Now catalogued as MM/6/5, most of the manuscript contains straightforward, studentlike notes in Latin on the works and writings of French alchemist Pierre Jean Fabre and others. But some of the manuscript is written in English and may reflect Newton's own views on alchemy, which MacFarlane notes would be "an extremely rare occurrence."

Newton's papers are rife with alchemical writings, so the content of MM/6/5 is quite in character. Historians have long described Newton as as much a part of the founding generations of science as the final generations of magicians.

Among alchemists of his day, Newton didn't stand out for his originality, and the same holds for MM/6/5, Young indicates with a hint of a disdainful headmaster's voice. "Like almost all Newton's alchemical papers, the document is largely, if not wholly, derivative," says Young, who was invited to be the first to inspect the manuscript.

Even so, Young hopes that as word of the find diffuses, a graduate student somewhere might be seduced into adopting the document as the basis for a Ph.D. thesis. A full analysis of the manuscript, and identifying in it any original alchemical thoughts that Newton might claim, would require cross-checking every one of the hundreds of specific references within the document with the referenced publications.

Such a task might be easier than one would think, Young points out, because "Newton had no compunction about turning corners down or up, not just to mark pages but to make the folded corner point directly to particular words or passages, or about filling margins and flyleaves with his own annotation."

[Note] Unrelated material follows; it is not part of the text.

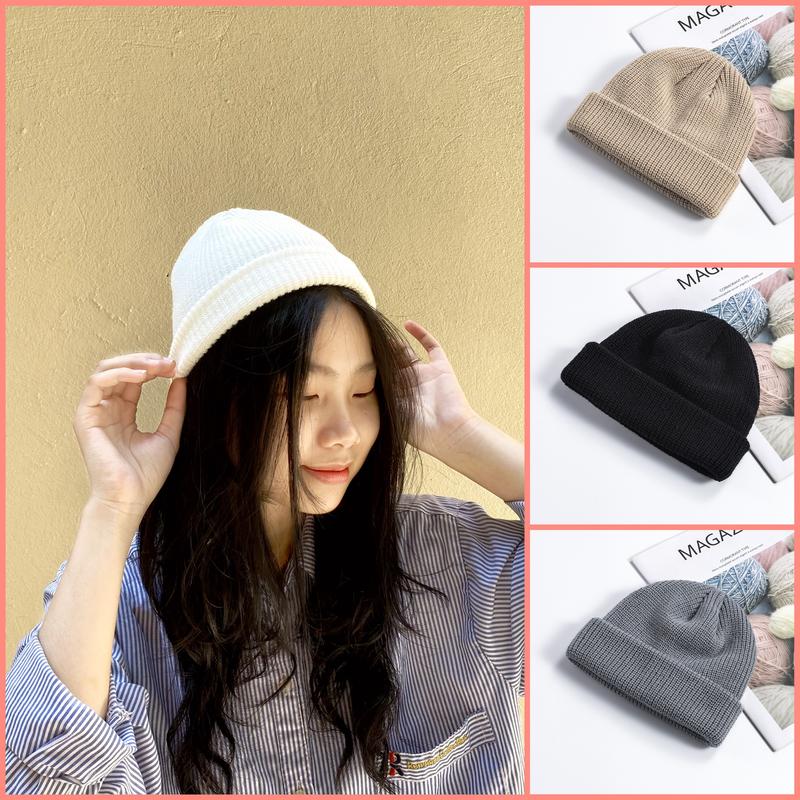 Mũ len nam nữ, nón len beanie unisex trơn nhiều màu cao cấp chất len dày form ngắn Voi Hat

With additional sleuthing, Young and MacFarlane ascertained that the bookseller Francis Edwards acquired MM/6/5 as Lot 22 for £15 in a Sotheby's auction on July 13, 1936. The Royal Society purchased the document from Edwards on March 23, 1939, for £23,8s only to bury it in the miscellaneous pile for the next 75 years.

Label them 'Wacky'

The verdict is in. the Michigan Lawsuit Abuse Watch (M-LAW) has named the top winners in its ninth annual "Wacky Warning Label Contest." M-LAW is a grassroots organization that serves as a public watchdog over court systems in an attempt to combat lawsuit abuse. Its goal is to increase awareness of how frivolous lawsuits are hurting the U.S. and creating the need for nonsensical warnings on everyday products.

This year's champion, found by Tom Brunelle of Holland, Mich., goes to a heat gun and paint remover that produces temperatures of 1,000 oF and warns users, "Do not use this tool as a hair dryer."

The other winners, selected from hundreds of entries, include a label on a kitchen knife that warns, "Never try to catch a falling knife," and a cocktail napkin that shows a map of the waterways around Hilton Head, S.C., printed with, "Caution: Not to be used for navigation." The top winner received $500 and, fittingly, a copy of the book "The Death of Common Sense," by Philip K. Howard.

New spin on chemistry

Triple axels, quadruple toe loops,flying camels, and ... chemistry? When not on the ice or standing on podiums, two world-class figure skaters had been pursuing chemistry-related degrees.

2005 and 2006 world champion and 2006 Olympic silver medalist Stéphane Lambiel received his "maturité" diploma in biology and chemistry in June 2004. He has decided to postpone university studies to focus on figure skating.

Jeffrey Buttle, 2005 world silver medalist and 2006 Olympic bronze medalist, was studying chemical engineering part-time at the University of Toronto until the fall of 2004, when he decided to focus on skating full-time until after the Olympics.